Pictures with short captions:
———
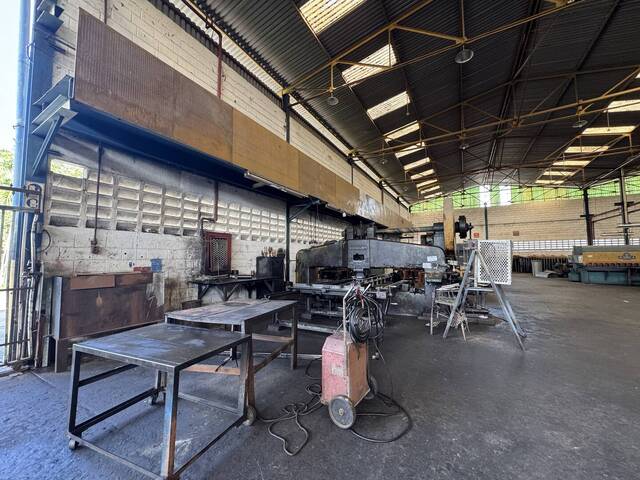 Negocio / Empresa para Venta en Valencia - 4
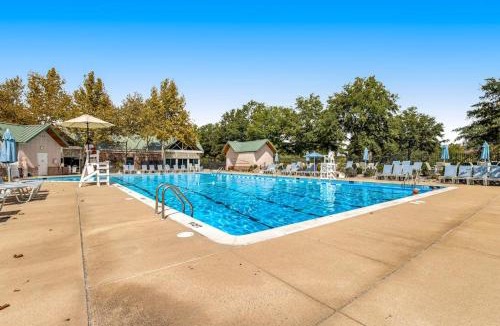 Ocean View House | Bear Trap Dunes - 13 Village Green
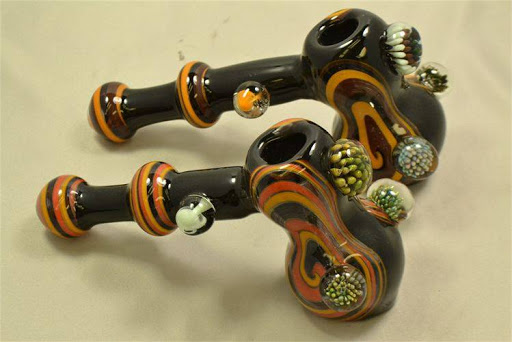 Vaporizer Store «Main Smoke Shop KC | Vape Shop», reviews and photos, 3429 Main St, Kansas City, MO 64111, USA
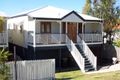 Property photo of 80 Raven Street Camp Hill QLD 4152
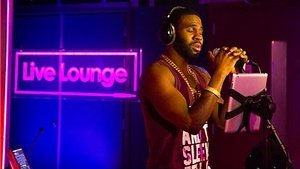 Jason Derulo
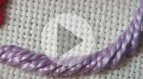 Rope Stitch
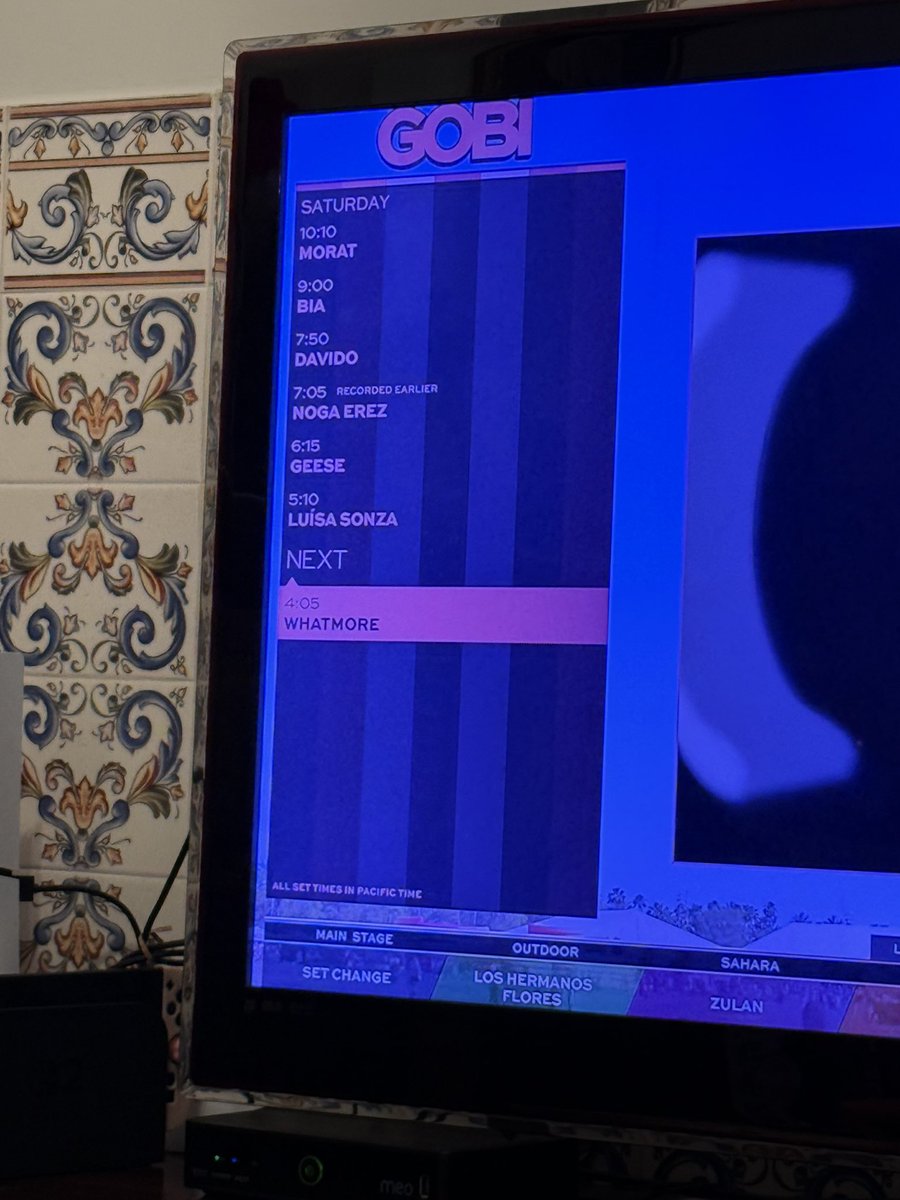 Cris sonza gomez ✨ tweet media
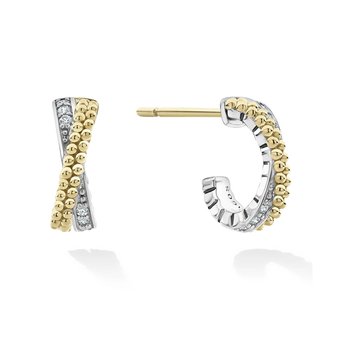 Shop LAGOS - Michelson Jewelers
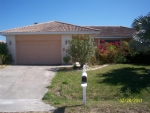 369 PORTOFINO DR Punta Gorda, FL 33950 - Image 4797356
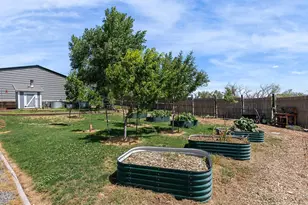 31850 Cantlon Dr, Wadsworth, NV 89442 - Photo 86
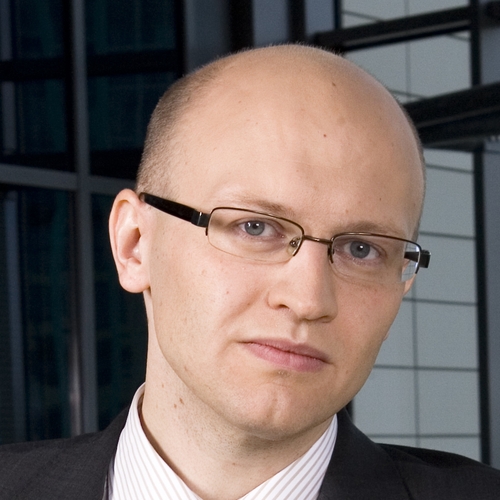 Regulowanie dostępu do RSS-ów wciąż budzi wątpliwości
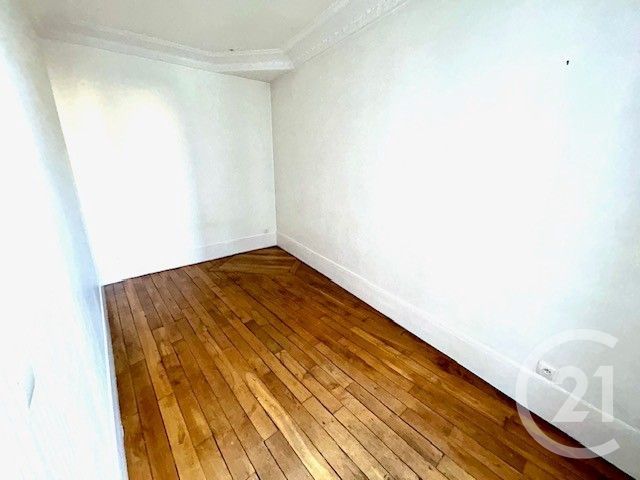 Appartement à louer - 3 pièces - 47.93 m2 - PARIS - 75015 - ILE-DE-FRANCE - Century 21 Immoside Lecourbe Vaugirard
———
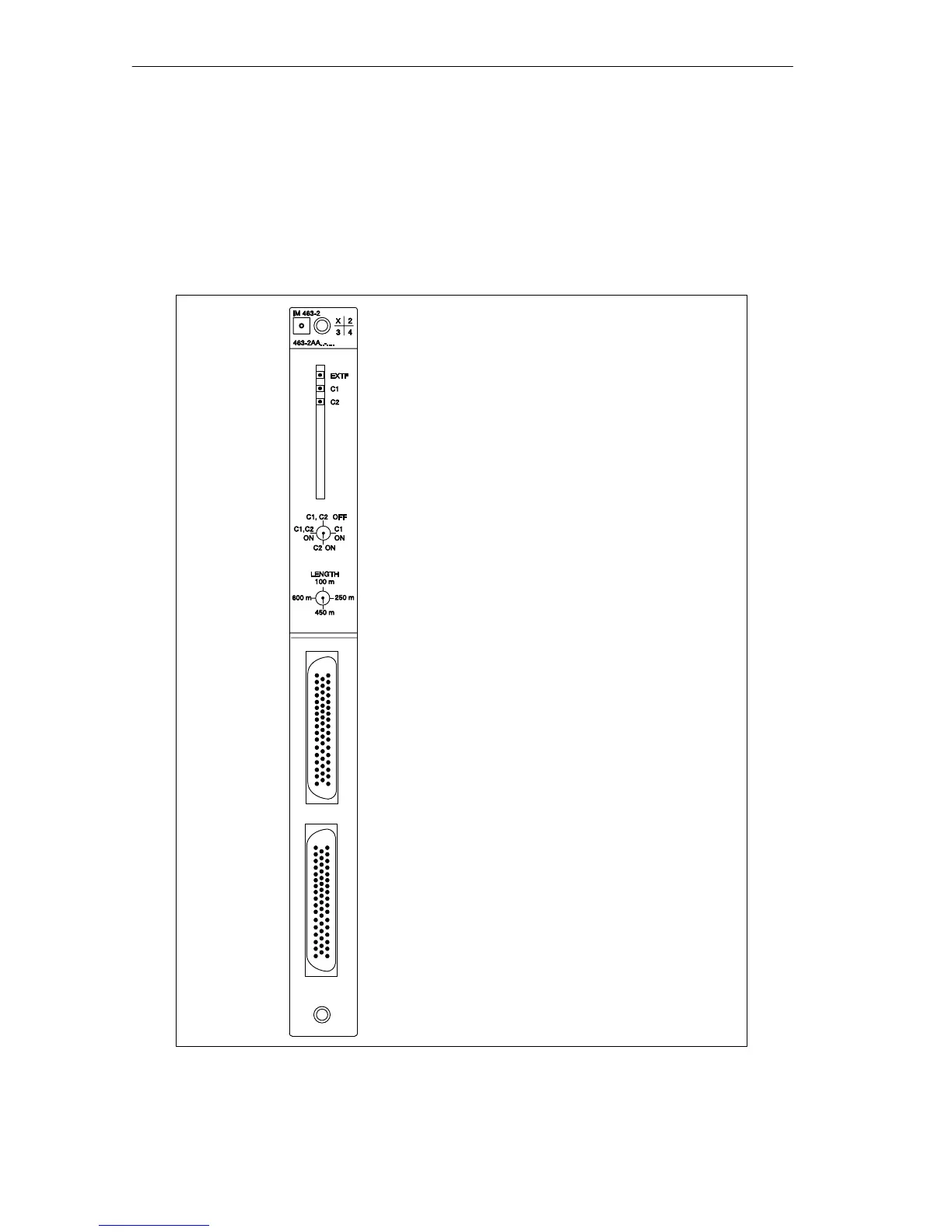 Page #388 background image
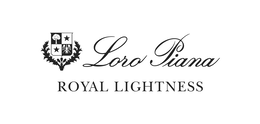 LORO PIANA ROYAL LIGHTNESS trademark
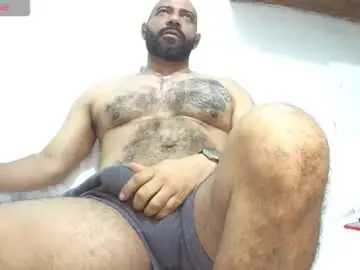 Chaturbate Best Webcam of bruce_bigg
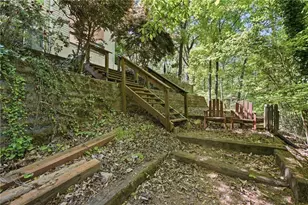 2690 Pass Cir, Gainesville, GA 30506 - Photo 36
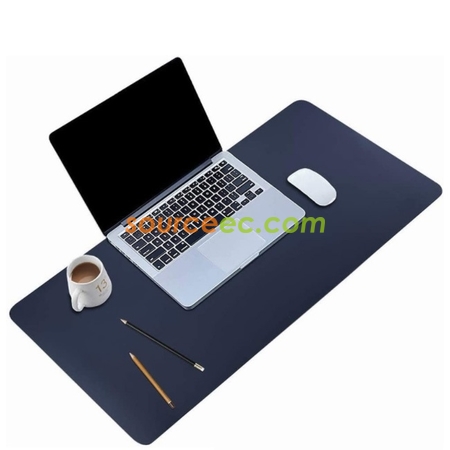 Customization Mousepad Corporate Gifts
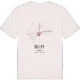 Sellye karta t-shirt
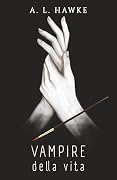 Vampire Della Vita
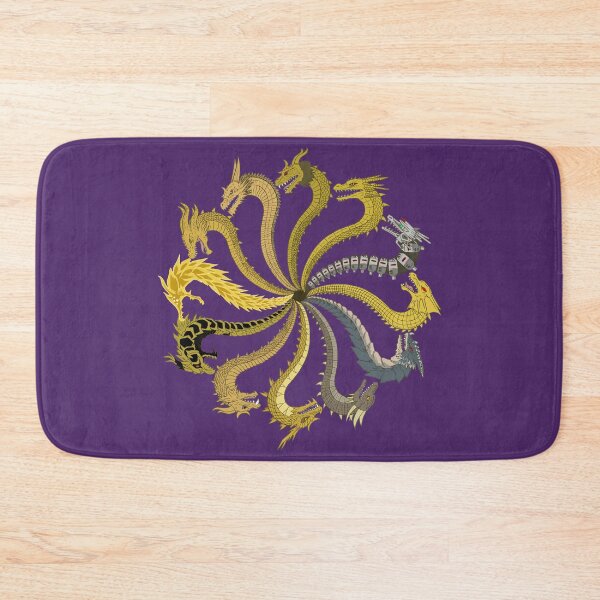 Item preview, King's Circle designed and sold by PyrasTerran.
———
§ **EXERCISE**: Your answer must be the lines above from the one holding "Ocean View House" up to and including the one holding "Appartement à louer", exact and with no pictures.

§ **RESPONSE TO THIS EXERCISE**:
 Ocean View House | Bear Trap Dunes - 13 Village Green
 Vaporizer Store «Main Smoke Shop KC | Vape Shop», reviews and photos, 3429 Main St, Kansas City, MO 64111, USA
 Property photo of 80 Raven Street Camp Hill QLD 4152
 Jason Derulo
 Rope Stitch
 Cris sonza gomez ✨ tweet media
 Shop LAGOS - Michelson Jewelers
 369 PORTOFINO DR Punta Gorda, FL 33950 - Image 4797356
 31850 Cantlon Dr, Wadsworth, NV 89442 - Photo 86
 Regulowanie dostępu do RSS-ów wciąż budzi wątpliwości
 Appartement à louer - 3 pièces - 47.93 m2 - PARIS - 75015 - ILE-DE-FRANCE - Century 21 Immoside Lecourbe Vaugirard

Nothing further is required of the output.